### WORK INSTRUCTION
Pictures in the records below must be left out. Return exactly the lines from the line with "Suzuki katana 4S: novità dal Giappone?" to the line with "Champion REVERSE WEAVE", both included.

### SUPPLIED MATERIAL
#####
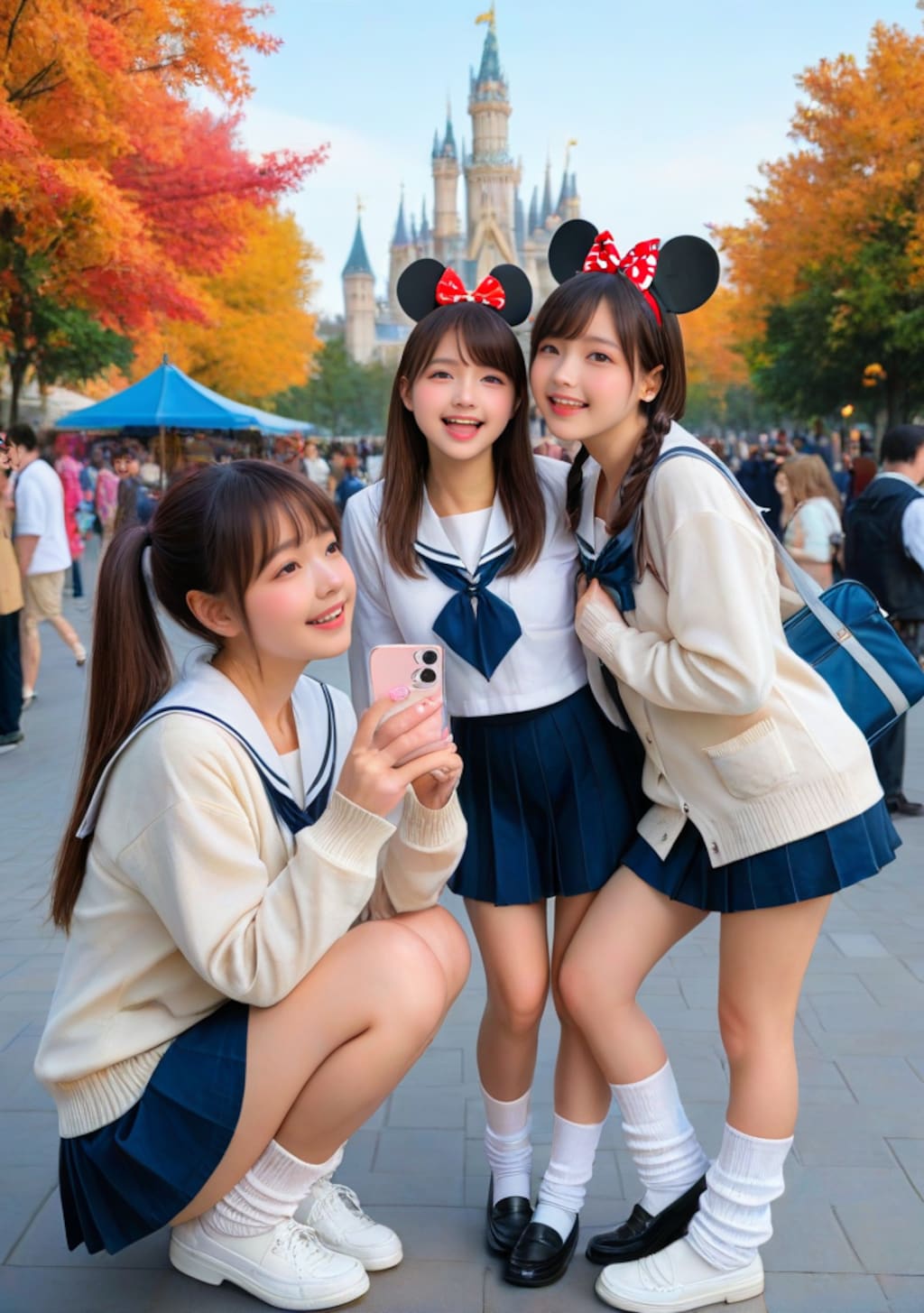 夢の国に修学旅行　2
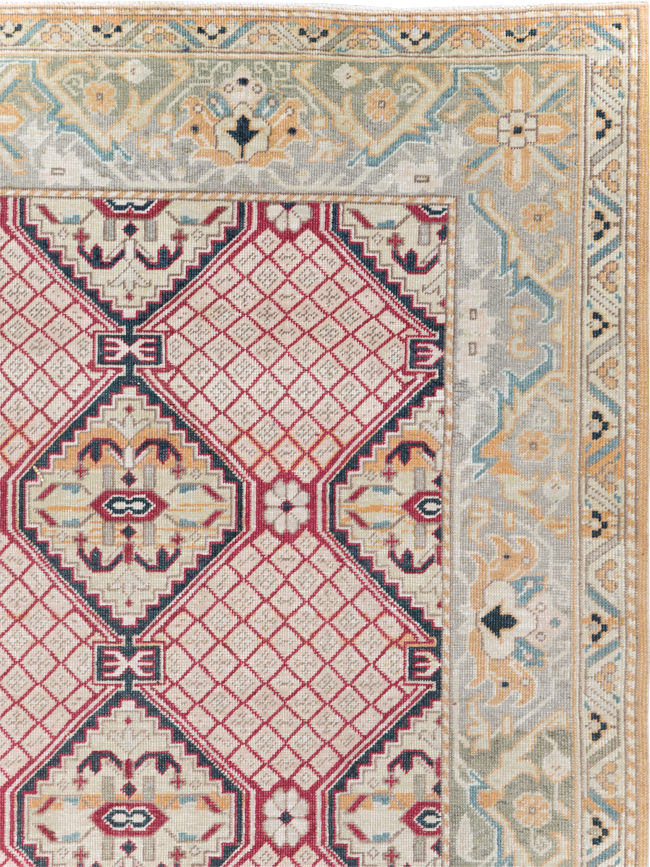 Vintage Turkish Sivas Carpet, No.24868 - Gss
#####
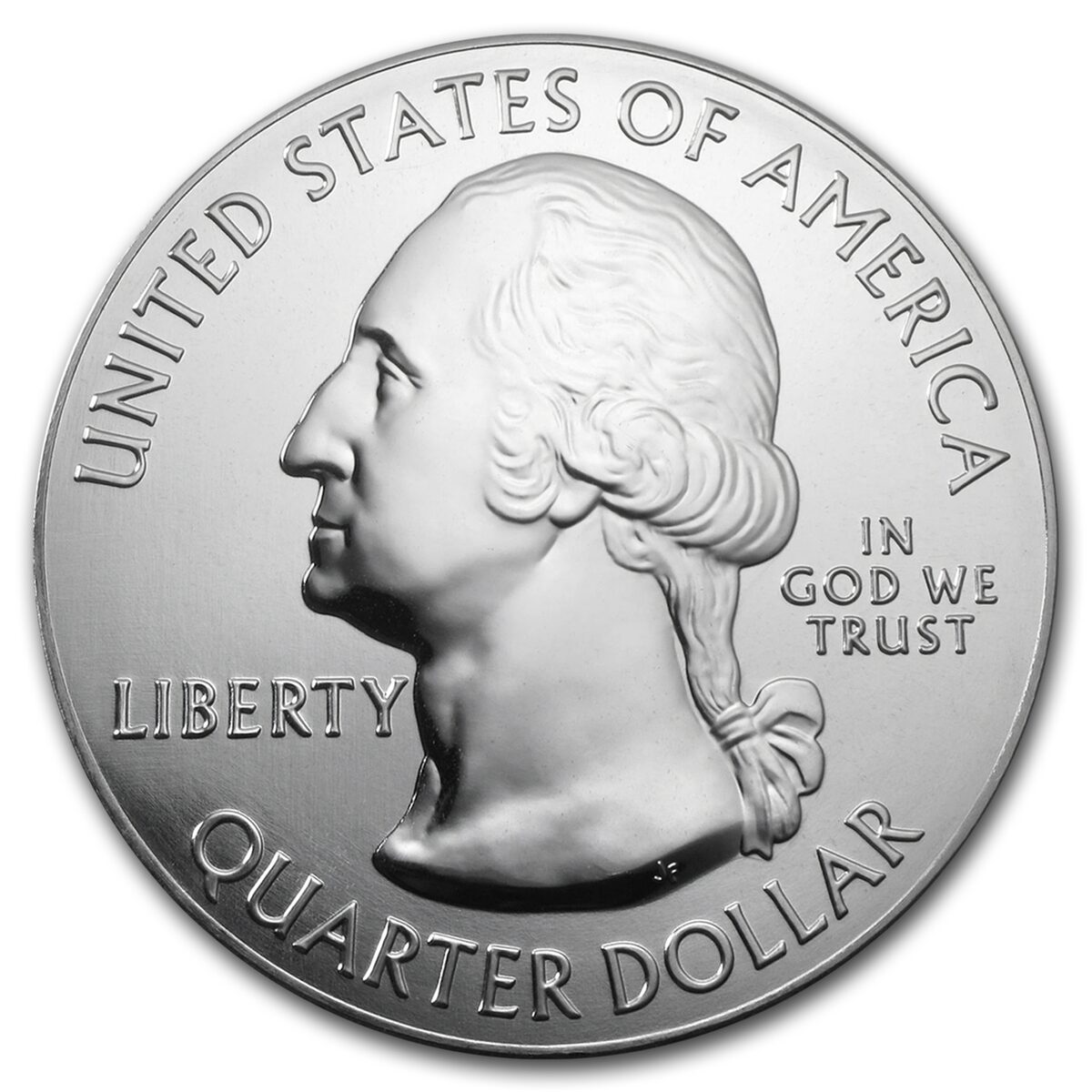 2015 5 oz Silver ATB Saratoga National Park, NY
#####
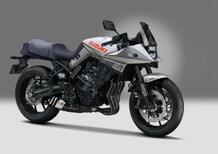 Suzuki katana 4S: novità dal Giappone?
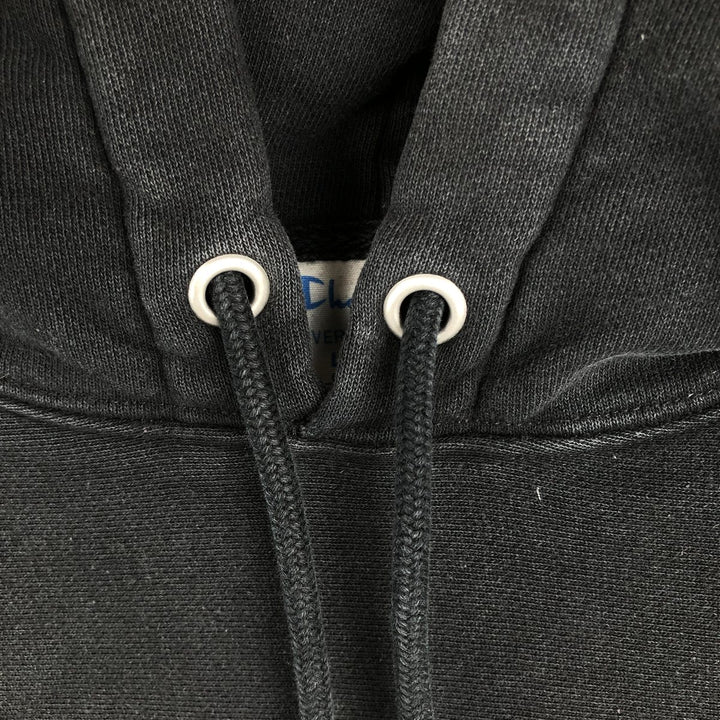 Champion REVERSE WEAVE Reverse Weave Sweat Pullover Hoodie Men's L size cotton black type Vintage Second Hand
#####
### RESPONSE TO THE TASK
 Suzuki katana 4S: novità dal Giappone?
 Champion REVERSE WEAVE Reverse Weave Sweat Pullover Hoodie Men's L size cotton black type Vintage Second Hand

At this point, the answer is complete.